Decoding Infinite Series with Double Integrals

[Screwdriver]

Homework Statement

Check out matt grime's post in this thread (it's the last one):

https://www.physicsforums.com/showthread.php?p=470773#post470773"

How exactly did he know that the sum could be represented as that double integral? Also, is there a method of converting sums like that to integrals (double or otherwise) for summands other than $n^{-2}$ such as $n^{-7}$ or something?

Homework Equations

$$\int_{0}^{1}\int_{0}^{1}\frac{1}{1-xy}dxdy=\sum_{n=1}^{\infty }\frac{1}{n^2}$$

The Attempt at a Solution

Come to think of it, I don't even really see how that helps you, because the series expansion for the $y$ integral (after computing the $x$ integral) is the derivative of the series you're trying to find, so integrating it just brings you back to where you started. The only thing I was able to note was that:

$$\sum_{n=0}^{\infty} (xy)^n=\frac{1}{1-xy}$$

 

[micromass]

What exactly are you asking?? Are you asking why

$$\int_0^1\int_0^1\frac{dxdy}{1-xy}=\sum{\frac{1}{n^2}}$$

Well, you're on the right way. Just notice that

$$\frac{1}{1-xy}=\sum{(xy)^{n-1}}$$

So by monotone convergence, we can switch the limit and the integral: So

$$\int_0^1\int_0^1\frac{dxdy}{1-xy}=\sum\int_0^1\int_0^1 (xy)^{n-1}dxdy$$

So you only need to calculate $\int_0^1\int_0^1 (xy)^{n-1}dxdy$ now...

 

[Screwdriver]

Well what I'm really asking is how to convert the sum to an integral. Like If I just saw $\sum_{n=1}^{\infty }\frac{1}{n^2}$ somewhere, I would start with this:

$$\sum_{n=1}^{\infty} (xy)^{n-1}=\frac{1}{1-xy}$$

But how did I know to start with that? It appears to have no relation to $\sum_{n=1}^{\infty }\frac{1}{n^2}$ ... and then all of a sudden there's a double integral with non-infinite limits.

 

[lineintegral1]

Recall the (real) geometric series,

$\frac {1}{1-x}=\sum_{n=0}^{\infty}x^n$

This is true provided, of course, that $|x|<1$.
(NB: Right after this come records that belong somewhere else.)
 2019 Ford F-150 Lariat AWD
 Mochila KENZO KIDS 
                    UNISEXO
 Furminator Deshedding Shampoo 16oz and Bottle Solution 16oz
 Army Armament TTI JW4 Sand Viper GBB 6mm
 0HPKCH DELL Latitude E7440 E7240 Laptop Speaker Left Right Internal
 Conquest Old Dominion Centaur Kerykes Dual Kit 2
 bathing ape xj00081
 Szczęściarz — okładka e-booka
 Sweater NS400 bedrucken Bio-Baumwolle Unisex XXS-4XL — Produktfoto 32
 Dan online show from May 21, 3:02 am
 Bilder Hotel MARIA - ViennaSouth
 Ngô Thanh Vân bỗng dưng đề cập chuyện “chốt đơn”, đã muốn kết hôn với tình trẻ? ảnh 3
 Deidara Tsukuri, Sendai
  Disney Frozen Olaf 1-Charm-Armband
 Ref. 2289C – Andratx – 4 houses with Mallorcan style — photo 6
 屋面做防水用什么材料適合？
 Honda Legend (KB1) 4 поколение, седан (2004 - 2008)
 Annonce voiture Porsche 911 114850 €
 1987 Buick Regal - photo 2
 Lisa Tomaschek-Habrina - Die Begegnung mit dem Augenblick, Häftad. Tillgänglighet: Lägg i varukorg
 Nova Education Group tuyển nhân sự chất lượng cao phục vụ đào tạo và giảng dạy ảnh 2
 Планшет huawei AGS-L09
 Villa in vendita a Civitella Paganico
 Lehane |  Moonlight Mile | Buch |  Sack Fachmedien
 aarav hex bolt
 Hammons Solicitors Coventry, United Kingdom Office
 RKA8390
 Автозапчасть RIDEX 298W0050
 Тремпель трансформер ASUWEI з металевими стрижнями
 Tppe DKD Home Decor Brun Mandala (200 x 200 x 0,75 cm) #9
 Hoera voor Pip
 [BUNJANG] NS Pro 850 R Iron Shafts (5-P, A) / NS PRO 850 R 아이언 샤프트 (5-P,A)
Anytime you see a rational expression of this form, a light should go off in your head regarding the geometric series. It should be easy to see now how to prove the equivalence of your double integral and $\zeta(2)$.

Not sure if this clarifies anything; let us know if you have more questions.

 

[Screwdriver]

Recall the (real) geometric series,

$\frac {1}{1-x}=\sum_{n=0}^{\infty}x^n$

This is true provided, of course, that $|x|<1$.

Anytime you see a rational expression of this form, a light should go off in your head regarding the geometric series. It should be easy to see now how to prove the equivalence of your double integral and $\zeta(2)$.

Not sure if this clarifies anything; let us know if you have more questions.

It's not showing that the integral and sum are equivalent that's my problem, it's coming up with the integral in the first place . Let me try to rephrase this:

Given a sum, I want to know how to write down a computable integral whose value is the value of that sum.

 

[Screwdriver]

First and last bump for this thread.